|
Despite these achievements, a growing world population - to more than
6 000 million people (and still climbing) - is exacerbating the demand
on resources and services, and increasing the generation of wastes to
meet many of these demands. Overall, policy measures have not been adequate
to counteract the pressures imposed by increasing poverty and uncontrolled
consumption. Preceding Chapter 2 sections show indisputable evidence of
continuing and widespread environmental degradation.
- Recent human impacts on the atmosphere have been enormous, with anthropogenic
emissions a prime cause of environmental problems. Emissions of almost
all greenhouse gases continue to rise.
- Ground-level ozone, smog and fine particulates have emerged as significant
health risks, triggering or exacerbating respiratory and cardiac problems,
especially in vulnerable people such as children, the elderly and asthmatics,
in developed and developing nations alike.
- Overexploition of many of the surface water resources and great aquifers
upon which irrigated agriculture and domestic supplies depend has resulted
in more and more countries facing water stress or scarcity. About 1
200 million people still lack access to clean drinking water and some
2 400 million to sanitation services. The consequences include the deaths
of 3-5 million people annually from water-related diseases.
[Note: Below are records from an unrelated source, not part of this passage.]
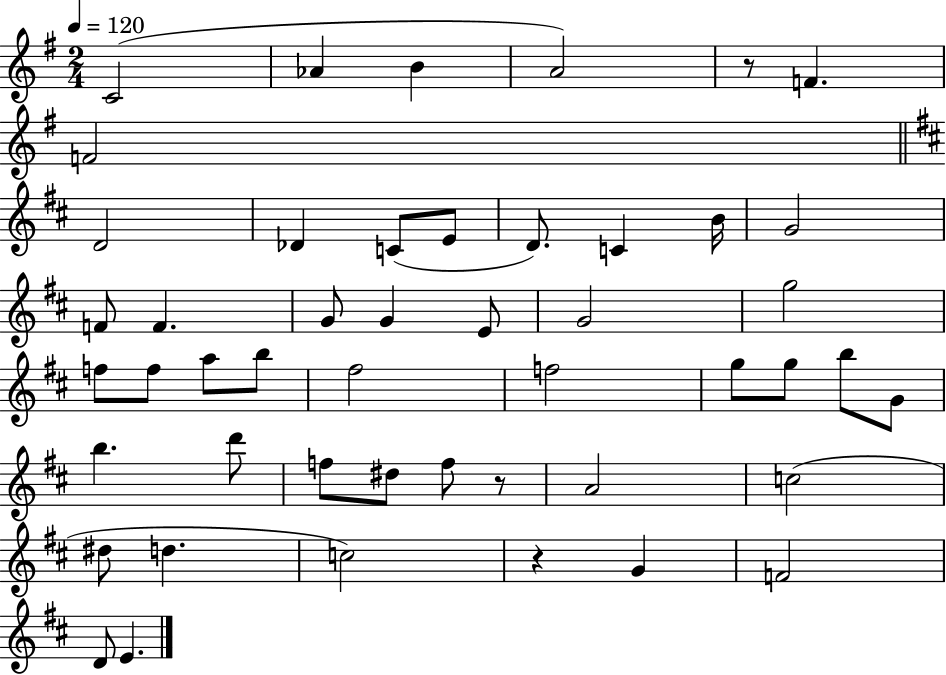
{
  \clef treble
  \numericTimeSignature
  \time 2/4
  \key g \major
  \tempo 4 = 120
  \repeat volta 2 { c'2( | aes'4 b'4 | a'2) | r8 f'4. | \break f'2 | \bar "||" \break \key d \major d'2 | des'4 c'8( e'8 | d'8.) c'4 b'16 | g'2 | \break f'8 f'4. | g'8 g'4 e'8 | g'2 | g''2 | \break f''8 f''8 a''8 b''8 | fis''2 | f''2 | g''8 g''8 b''8 g'8 | \break b''4. d'''8 | f''8 dis''8 f''8 r8 | a'2 | c''2( | \break dis''8 d''4. | c''2) | r4 g'4 | f'2 | \break d'8 e'4. | } \bar "|."
}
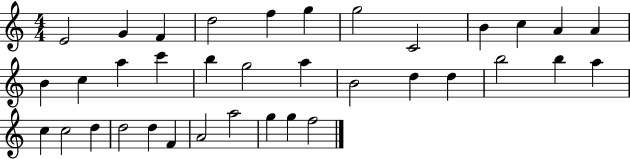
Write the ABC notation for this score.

X:1
T:Untitled
M:4/4
L:1/4
K:C
E2 G F d2 f g g2 C2 B c A A B c a c' b g2 a B2 d d b2 b a c c2 d d2 d F A2 a2 g g f2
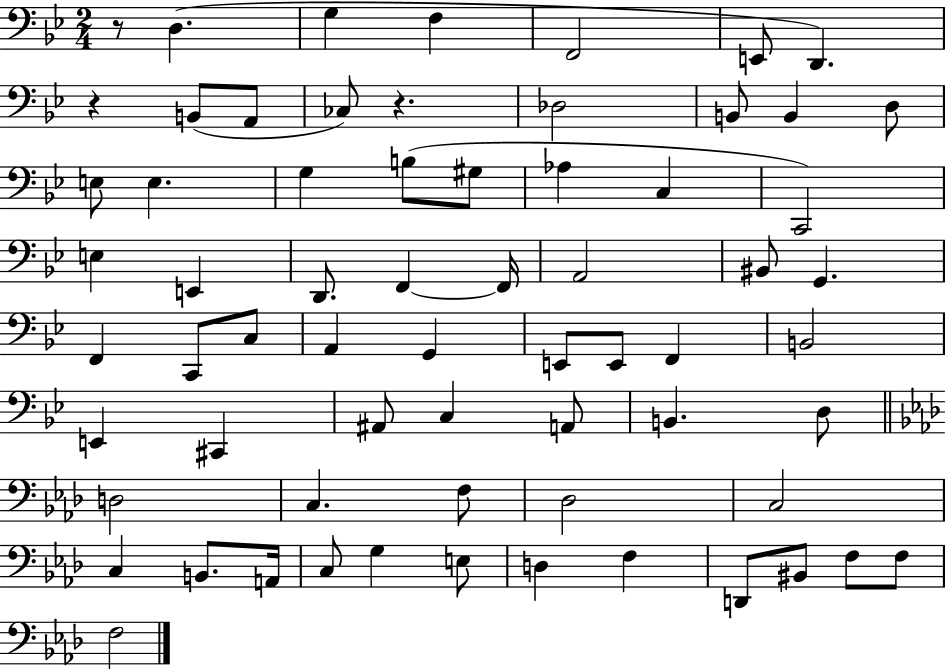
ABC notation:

X:1
T:Untitled
M:2/4
L:1/4
K:Bb
z/2 D, G, F, F,,2 E,,/2 D,, z B,,/2 A,,/2 _C,/2 z _D,2 B,,/2 B,, D,/2 E,/2 E, G, B,/2 ^G,/2 _A, C, C,,2 E, E,, D,,/2 F,, F,,/4 A,,2 ^B,,/2 G,, F,, C,,/2 C,/2 A,, G,, E,,/2 E,,/2 F,, B,,2 E,, ^C,, ^A,,/2 C, A,,/2 B,, D,/2 D,2 C, F,/2 _D,2 C,2 C, B,,/2 A,,/4 C,/2 G, E,/2 D, F, D,,/2 ^B,,/2 F,/2 F,/2 F,2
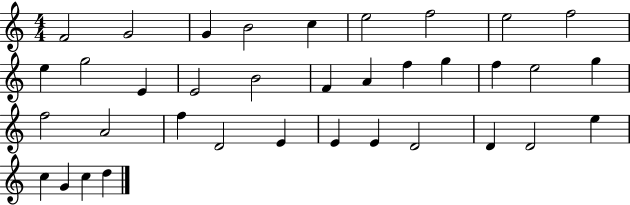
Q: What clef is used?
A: treble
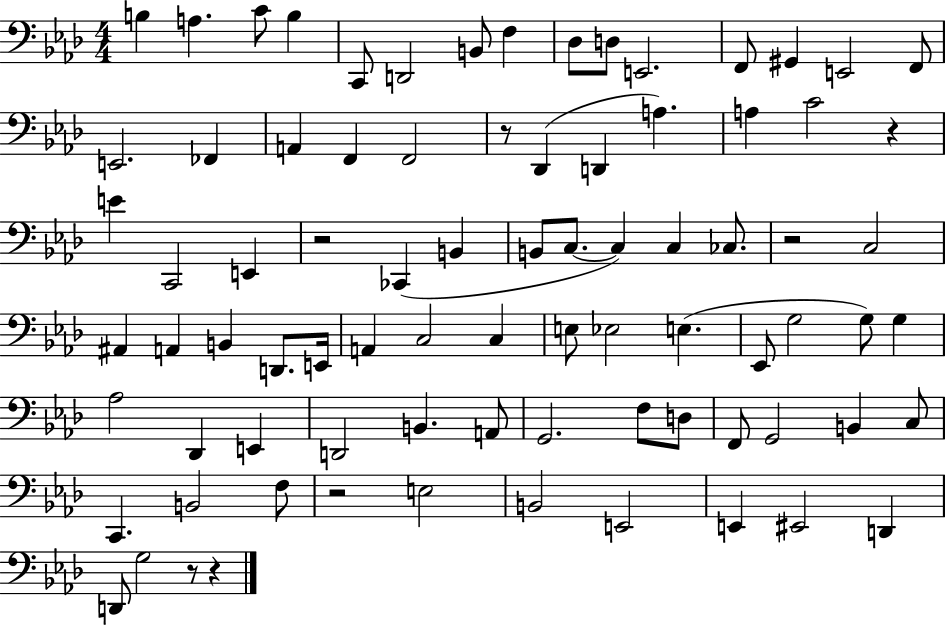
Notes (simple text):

B3/q A3/q. C4/e B3/q C2/e D2/h B2/e F3/q Db3/e D3/e E2/h. F2/e G#2/q E2/h F2/e E2/h. FES2/q A2/q F2/q F2/h R/e Db2/q D2/q A3/q. A3/q C4/h R/q E4/q C2/h E2/q R/h CES2/q B2/q B2/e C3/e. C3/q C3/q CES3/e. R/h C3/h A#2/q A2/q B2/q D2/e. E2/s A2/q C3/h C3/q E3/e Eb3/h E3/q. Eb2/e G3/h G3/e G3/q Ab3/h Db2/q E2/q D2/h B2/q. A2/e G2/h. F3/e D3/e F2/e G2/h B2/q C3/e C2/q. B2/h F3/e R/h E3/h B2/h E2/h E2/q EIS2/h D2/q D2/e G3/h R/e R/q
- The Earth's biological diversity is under increasing threat. The extinction
rate of species is believed to be accelerating. Habitat destruction
and/or modification are the main cause of biodiversity loss but invasive
species are the second most important pressure.
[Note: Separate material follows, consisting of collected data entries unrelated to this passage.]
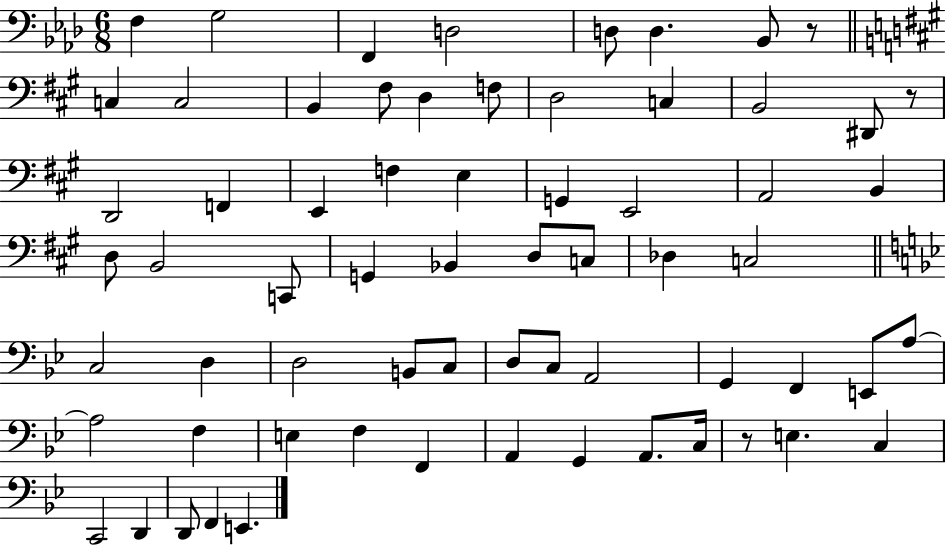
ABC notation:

X:1
T:Untitled
M:6/8
L:1/4
K:Ab
F, G,2 F,, D,2 D,/2 D, _B,,/2 z/2 C, C,2 B,, ^F,/2 D, F,/2 D,2 C, B,,2 ^D,,/2 z/2 D,,2 F,, E,, F, E, G,, E,,2 A,,2 B,, D,/2 B,,2 C,,/2 G,, _B,, D,/2 C,/2 _D, C,2 C,2 D, D,2 B,,/2 C,/2 D,/2 C,/2 A,,2 G,, F,, E,,/2 A,/2 A,2 F, E, F, F,, A,, G,, A,,/2 C,/4 z/2 E, C, C,,2 D,, D,,/2 F,, E,,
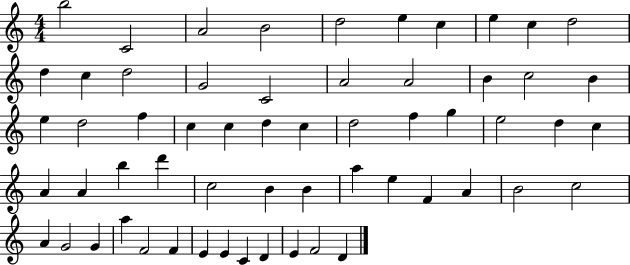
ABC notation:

X:1
T:Untitled
M:4/4
L:1/4
K:C
b2 C2 A2 B2 d2 e c e c d2 d c d2 G2 C2 A2 A2 B c2 B e d2 f c c d c d2 f g e2 d c A A b d' c2 B B a e F A B2 c2 A G2 G a F2 F E E C D E F2 D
- There has been a sharp global trend towards increasingly intense exploitation
and depletion of wild fish stocks. Numerous fisheries have collapsed
and others are threatened with overexploitation.
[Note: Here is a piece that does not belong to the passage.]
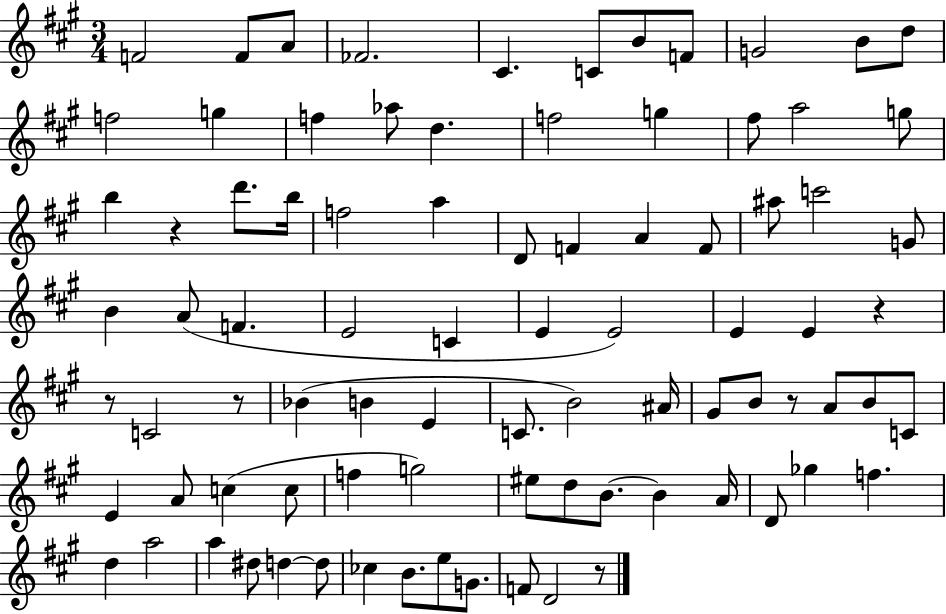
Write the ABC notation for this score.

- Land degradation continues to worsen, particularly in developing countries
where the poor are forced onto marginal lands with fragile ecosystems
and in areas where land is increasingly exploited to meet food and agricultural
needs without adequate economic and political support to adopt appropriate
agricultural practices.
- Many remaining forest ecosystems have been degraded and fragmented.
Since 1972, extensive forest monocultures have been established in the
developing world but these do not replace the ecological complexity
of natural forests.
- Crop and livestock production has contributed to the large increase
in reactive nitrogen in the global biosphere, contributing to the acidification
and eutrophication of ecosystems.
- With almost half of the world's population living in less-developed
countries, urban areas and megacities, infrastructure and municipal
services are inadequate to accommodate millions of the urban poor. Urban
air pollution and deteriorating water quality are having major health,
economic and social impacts.
- An increase in the frequency and intensity of natural disasters over
the past 30 years has put more people at greater risk, with the greatest
burden falling on the poorest communities.